The rest of the time, we spent it between the train station (to try to get tickets to Mongolia), the French Embassy (to take our invitations for the French National Day celebration, a big mistake, we went there for the free food and champagn, but nothing was free, even the glass of coke... Scrooges !!!! What's the point in going to a French party if not for the food ? If I want to see other French people, I go to France... And I even don't need an invitation to do this !), the train station (to try again to get tickets to Mongolia), several outdoor shops (because Charlotte needed gears for Mongolia) and the train station (to eventually try to get tickets to Mongolia)...

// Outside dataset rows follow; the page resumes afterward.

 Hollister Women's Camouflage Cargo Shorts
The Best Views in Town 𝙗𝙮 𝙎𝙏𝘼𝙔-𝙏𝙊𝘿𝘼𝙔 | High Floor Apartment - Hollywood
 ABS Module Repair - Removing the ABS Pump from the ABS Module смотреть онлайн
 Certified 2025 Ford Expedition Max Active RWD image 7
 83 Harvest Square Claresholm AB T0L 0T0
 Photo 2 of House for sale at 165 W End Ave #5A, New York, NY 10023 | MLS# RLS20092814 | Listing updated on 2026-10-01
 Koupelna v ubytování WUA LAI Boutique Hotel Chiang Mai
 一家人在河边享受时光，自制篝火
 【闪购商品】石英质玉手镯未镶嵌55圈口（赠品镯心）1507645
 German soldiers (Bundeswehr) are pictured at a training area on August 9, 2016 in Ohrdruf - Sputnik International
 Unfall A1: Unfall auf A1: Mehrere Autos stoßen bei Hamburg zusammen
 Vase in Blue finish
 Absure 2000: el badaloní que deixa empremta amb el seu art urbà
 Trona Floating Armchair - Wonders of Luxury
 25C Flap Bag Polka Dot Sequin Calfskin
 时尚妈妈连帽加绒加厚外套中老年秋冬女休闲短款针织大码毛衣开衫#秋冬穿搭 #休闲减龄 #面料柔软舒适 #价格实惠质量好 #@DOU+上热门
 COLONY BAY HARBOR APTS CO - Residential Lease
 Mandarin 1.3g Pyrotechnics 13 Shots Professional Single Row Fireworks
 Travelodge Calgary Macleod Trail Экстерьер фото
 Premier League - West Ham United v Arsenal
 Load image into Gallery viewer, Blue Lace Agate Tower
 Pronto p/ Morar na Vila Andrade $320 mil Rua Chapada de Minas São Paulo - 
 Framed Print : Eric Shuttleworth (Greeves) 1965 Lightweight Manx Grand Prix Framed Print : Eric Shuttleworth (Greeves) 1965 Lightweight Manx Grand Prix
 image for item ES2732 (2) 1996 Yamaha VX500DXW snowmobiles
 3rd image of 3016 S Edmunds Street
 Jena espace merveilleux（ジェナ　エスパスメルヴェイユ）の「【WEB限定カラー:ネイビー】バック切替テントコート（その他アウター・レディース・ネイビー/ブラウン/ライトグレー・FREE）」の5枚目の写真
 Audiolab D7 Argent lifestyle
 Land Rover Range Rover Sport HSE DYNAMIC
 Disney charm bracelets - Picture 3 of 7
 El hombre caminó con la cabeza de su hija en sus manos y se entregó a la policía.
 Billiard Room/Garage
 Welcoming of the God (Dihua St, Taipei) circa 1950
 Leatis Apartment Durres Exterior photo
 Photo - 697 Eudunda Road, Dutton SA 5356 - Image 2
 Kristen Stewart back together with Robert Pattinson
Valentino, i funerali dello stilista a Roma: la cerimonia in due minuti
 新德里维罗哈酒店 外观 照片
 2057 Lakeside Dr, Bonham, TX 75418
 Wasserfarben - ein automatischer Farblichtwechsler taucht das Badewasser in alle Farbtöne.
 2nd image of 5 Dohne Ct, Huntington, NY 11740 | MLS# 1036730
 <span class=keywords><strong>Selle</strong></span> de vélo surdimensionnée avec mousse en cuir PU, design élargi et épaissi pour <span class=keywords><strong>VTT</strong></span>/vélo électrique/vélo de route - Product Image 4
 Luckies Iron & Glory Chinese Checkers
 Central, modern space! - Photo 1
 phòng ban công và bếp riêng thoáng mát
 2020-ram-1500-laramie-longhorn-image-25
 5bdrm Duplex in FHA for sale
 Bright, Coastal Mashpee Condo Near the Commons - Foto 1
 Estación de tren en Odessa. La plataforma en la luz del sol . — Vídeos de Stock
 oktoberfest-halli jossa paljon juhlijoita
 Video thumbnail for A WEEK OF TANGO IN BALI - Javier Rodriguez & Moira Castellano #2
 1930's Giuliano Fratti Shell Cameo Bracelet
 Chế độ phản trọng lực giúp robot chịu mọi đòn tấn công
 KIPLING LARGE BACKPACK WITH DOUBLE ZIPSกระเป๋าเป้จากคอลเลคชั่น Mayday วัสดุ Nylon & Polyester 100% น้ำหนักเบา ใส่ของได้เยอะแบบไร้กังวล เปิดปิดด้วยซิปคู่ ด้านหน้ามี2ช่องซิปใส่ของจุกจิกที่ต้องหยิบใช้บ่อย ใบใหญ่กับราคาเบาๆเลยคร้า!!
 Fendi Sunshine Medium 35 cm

We managed to escape the overcrowded attractions of the city and the omnipresent communist propaganda for the 90th birthday of the Party to go camping one night at the Great Wall. There are various sections of the Wall that can be visited. Most of the tourists go to the same one, as part of a day tour from Beijing. They live at around 7am, drive 2 hours, take a cable-car, climb the wall together with 10.000 other people, take a few pictures and visit on the way back some boring overpriced other attractions. Me and Charlotte wanted to experience something different. We left in the afternoon to a more remote and less touristy section of the Wall. We arrived at 6pm, when the site was already closed, so we did not need to buy a ticket. Then we walked 5kms on the Wall, until sunset and slept in one of the towers, together with bats and a mouse. It is illegal to camp on the Wall and trespassers can be fined 1000Y (150$), so we tried to be very discreet at night, avoiding to light lamps. The next day, we got up early, and exited the wall through a section that is closed to public, before the guards took their shifts. We were however "caught" by some guards after we exited the wall (we thought they use to take their shifts at 9am, but actually they take it at 8am !). But we had already exited the Wall, so technically we did nothing illegal. We just found ourselves being in an area closed to public, and one of the guard kindly escorted us toward the exit, saying a timid "Thank-you" when he left us ;)

The week in Beijing finally passed quicker than expected and it was now time to end our 2 months journey in China, toward a new country, Mongolia, toward new adventures !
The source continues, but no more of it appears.